Delle volte però vi dicevo lo zaino mi opprime, delle volte vorrei poterlo togliere, riporlo per poi riprenderlo in occasione di qualche partenza come fate voi con i vostri normali zaini da viaggio e invece no il mio non è mica una cosa che si può mettere via.
Mi capita spesso che mi chiedano “ma proprio non puoi toglierlo?” E allora io sono sempre combattuta perché vorrei rispondere che voi mica vi sfilate le gambe la sera prima di andare a dormire, o le braccia, ecco sono stanco le sfilo, le tiro su un attimo così mi riposo un po’, no.
Però poi penso che non lo potete sapere cosa vuol dire avere uno zaino sempre in spalla e allora finisce che rispondo semplicemente che no, non posso toglierlo, fine della storia.
Luka lo sapeva invece, anche lui aveva uno zaino come il mio.

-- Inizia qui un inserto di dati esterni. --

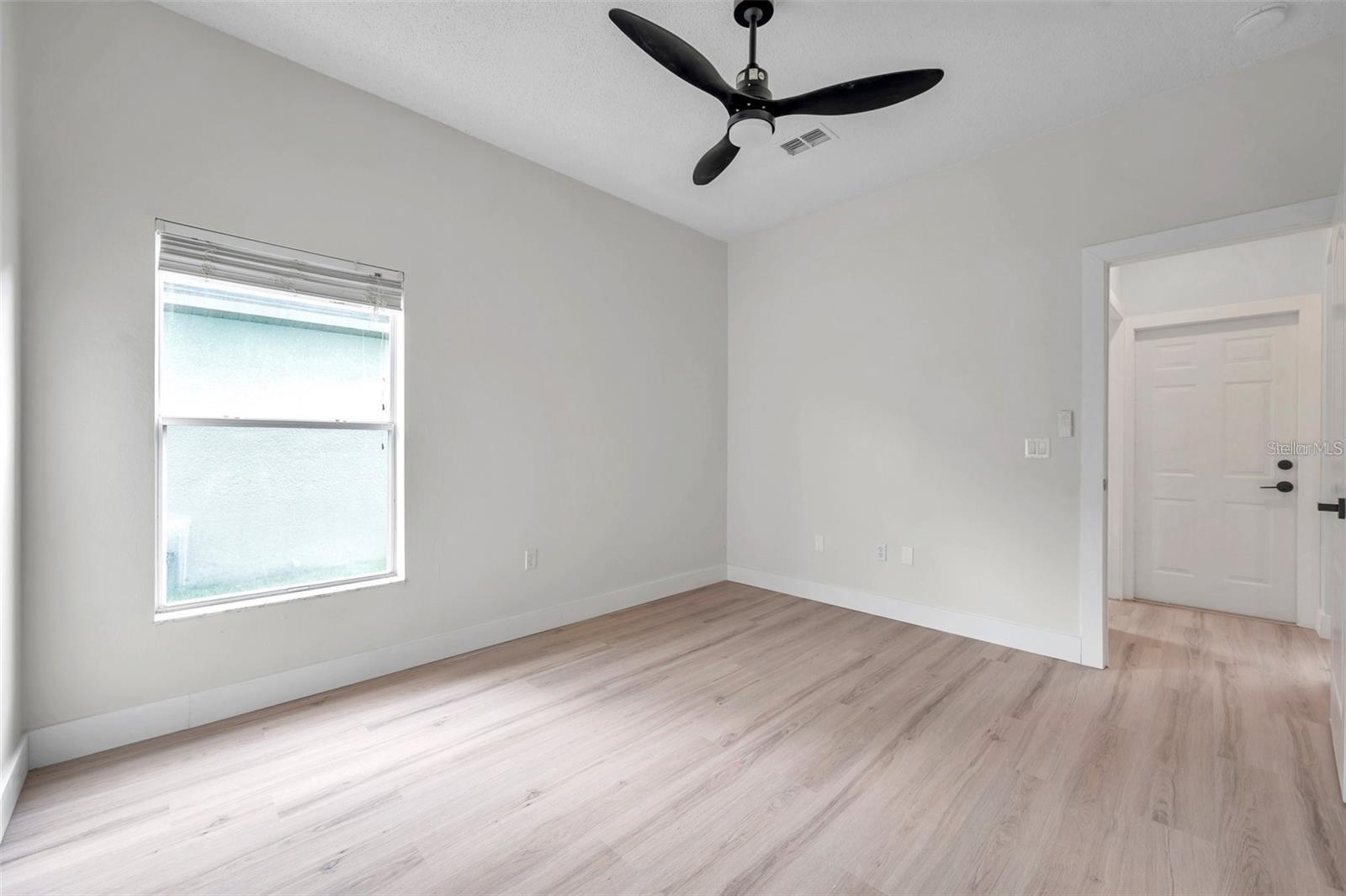 2325 INDIAN KEY DR — photo 9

Ci incontrammo alla stazione di Portogruaro qualche anno fa ed è difficile da spiegare ma è stato chiaro sin dal primo sguardo, avevamo lo stesso zaino e lui aveva uno di quei sorrisi lì, capito no? uno di quelli che vanno bene per innamorarsi oppure per morire.
Luka era solito camuffarlo il suo zaino, lo nascondeva sotto giacche firmate, occhiali griffati e quei sorrisi… che se non l’avessi avuto anche io il suo stesso zaino probabilmente non mi sarei accorta che lo aveva.
Voi ad esempio non vi sareste accorti che lo aveva, però ecco magari non lo avreste mai compreso fino in fondo, le sue insofferenze, le sue stanchezze, le frustrazioni non le avreste mai realmente condivise, mai avreste capito da come incurvava le spalle che aveva bisogno di partire. 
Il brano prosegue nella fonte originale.